If you need accurate results, you should go with iSqrt or fSqrt from this library.

For speed, this can't be beaten, however.

Comparing - answer=distance (i,j) against answer=iSqrt(i*i+j*j) shows over a range of i and j 1..250 :

distance 8.98 seconds

iSqrt 50.1 seconds

Distance is definitely faster, if you're willing to accept the greater inaccuracy. (you probably are).

By the by - standard floating point square root:

fSqrt function: 44 minutes (2625.14 seconds)

SQR (ROM) - 122 minutes. (7336.86 seconds)

Shows how awful that ROM SQR routine really is...
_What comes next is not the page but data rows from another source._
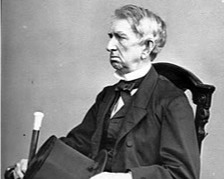 Dönemin ABD Dışişleri Bakanı William Seward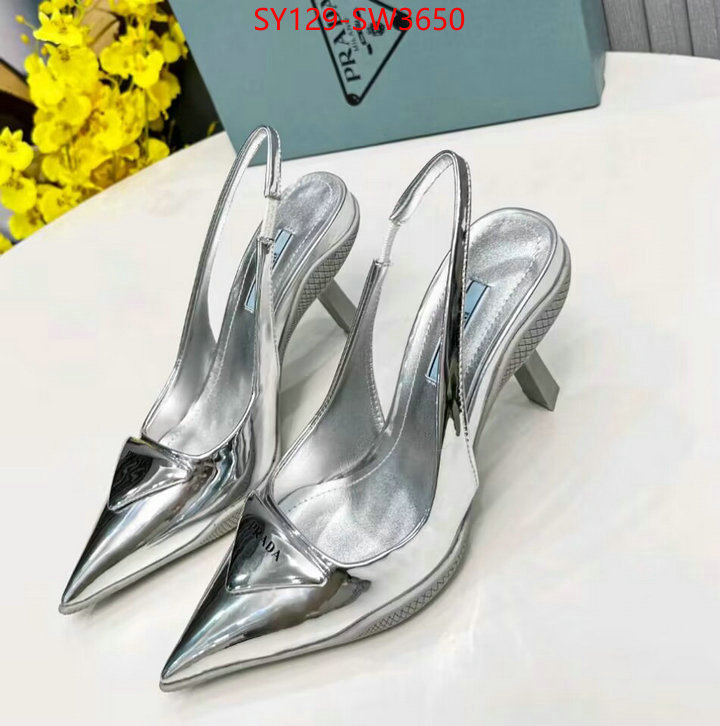 Women Shoes-Prada 7 star replica ID: SW3650 $: 129USD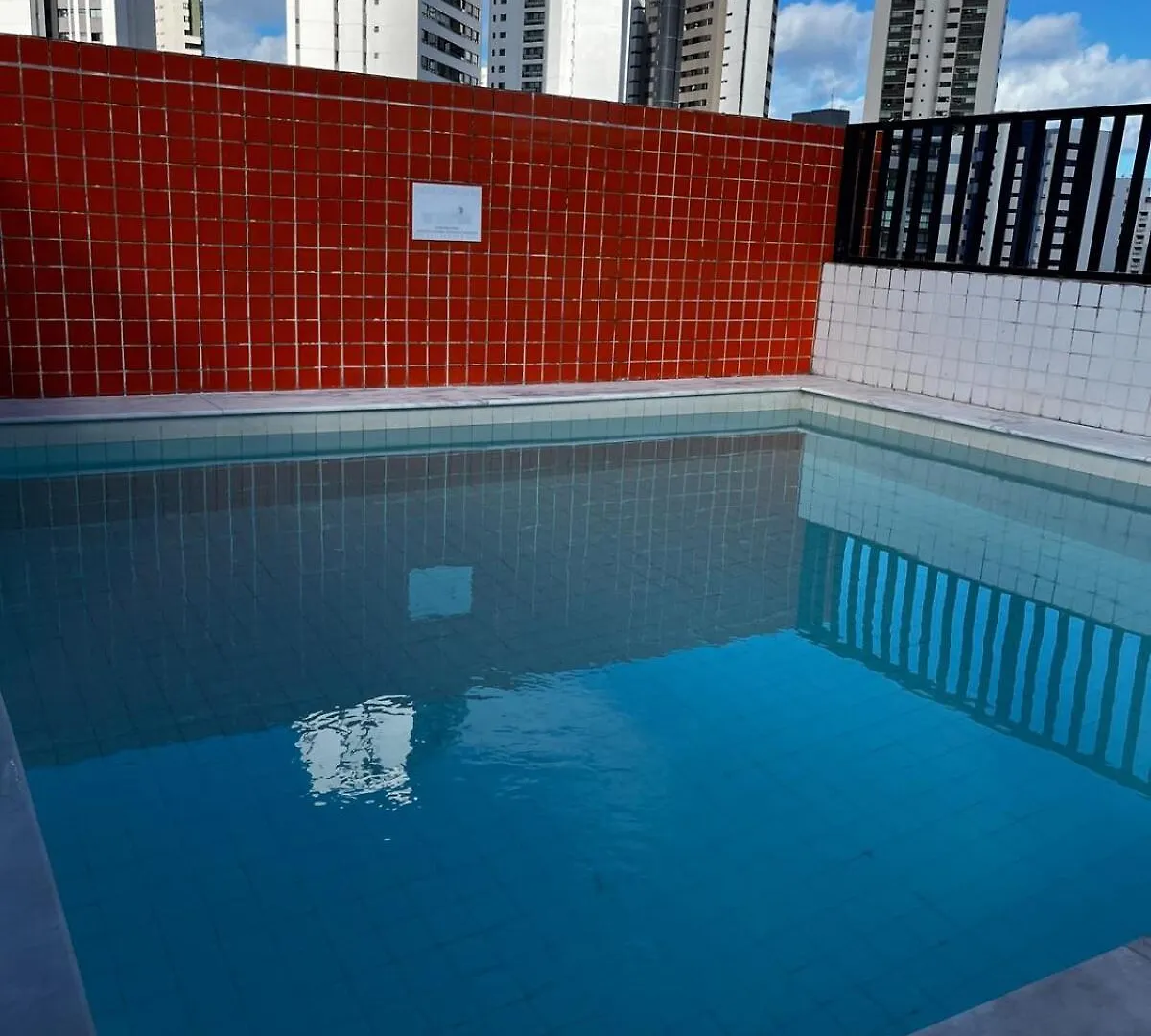 Studio Perfeito, Localizacao Imbativel! 累西腓 公寓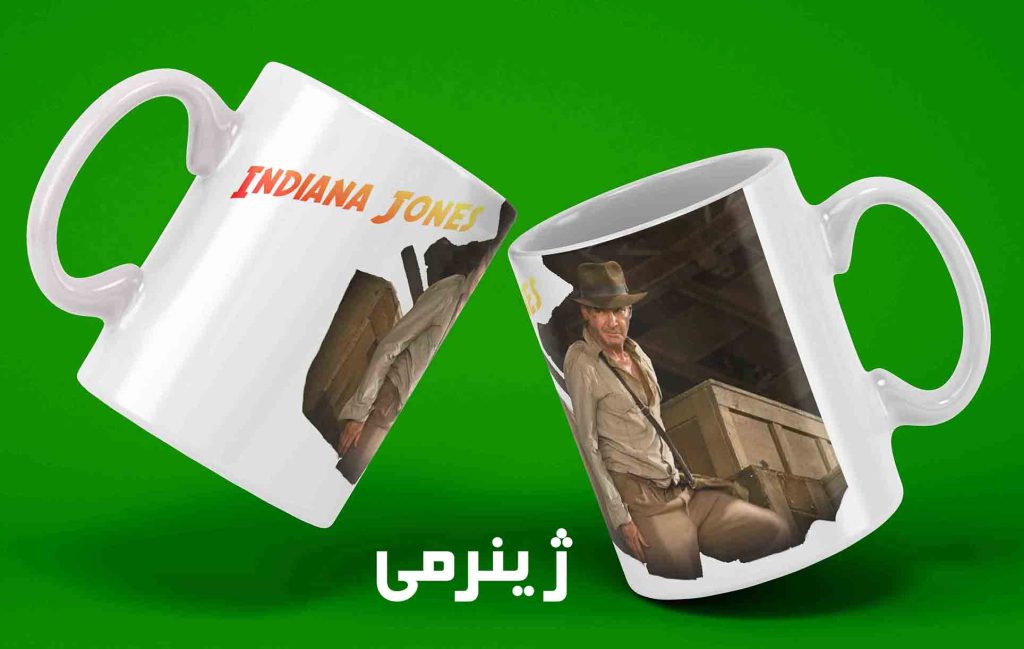 Indiana Jones Cinema Mug 014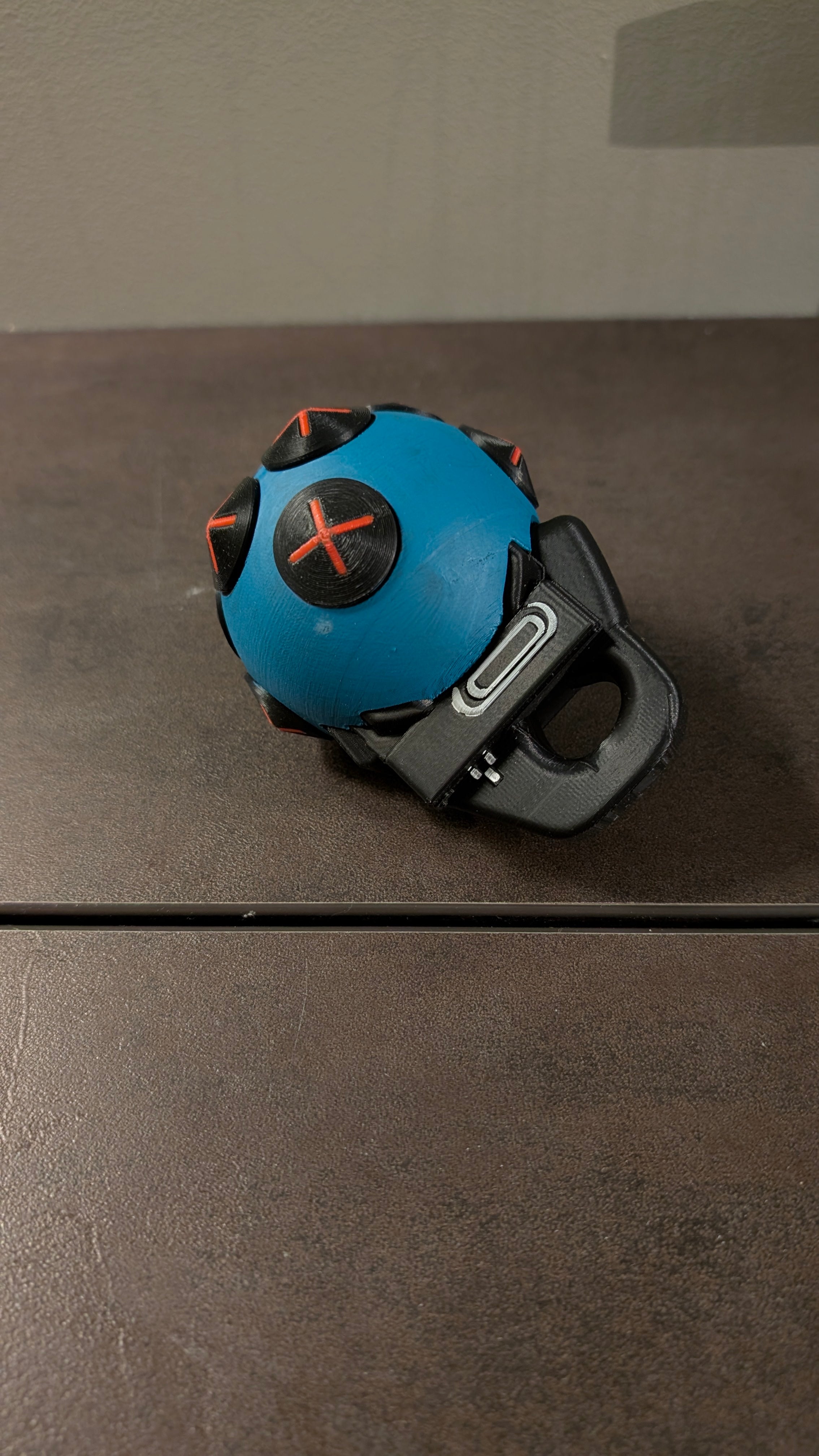 Marathon Flechette Sticky Grenade Prop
Formula is: in a right angle triangle with sides A and B, and hypotenuse H, as an estimate of length of H, it returns (A+B) - (half the smallest of A and B) - (1/4 the smallest of A and B) + (1/16 the smallest of A and B)

' returns a fast approximation of SQRT (a^2 + b^2) - the distance formula, generated from taylor series expansion.
' This version fundamentally by Alcoholics Anonymous, improving on Britlion's earlier version - which itself was suggested, with thanks, by NA_TH_AN.
POP HL ;' return address
;' First parameter in A
POP BC ;' second parameter -> B
PUSH HL ;' put return back
;' First find out which is bigger - A or B.
cp b
ld c,b
jr nc, distance_AisMAX
ld c,a
;' c = MIN(a,b)
srl c     ;' c = MIN/2
SUB c   ;' a = A - MIN/2
srl c    ;' c = MIN/4
SUB c   ;' a = A - MIN/2 - MIN/4
srl c
srl c    ;' c = MIN/16
add a,c   ;' a = A - MIN/2 - MIN/4 + MIN/16
add a,b   ;' a = A + B - MIN/2 - MIN/4 + MIN/16
ld l,a
ld h,0     ;' hl = result
ret nc
inc h      ;' catch 9th bit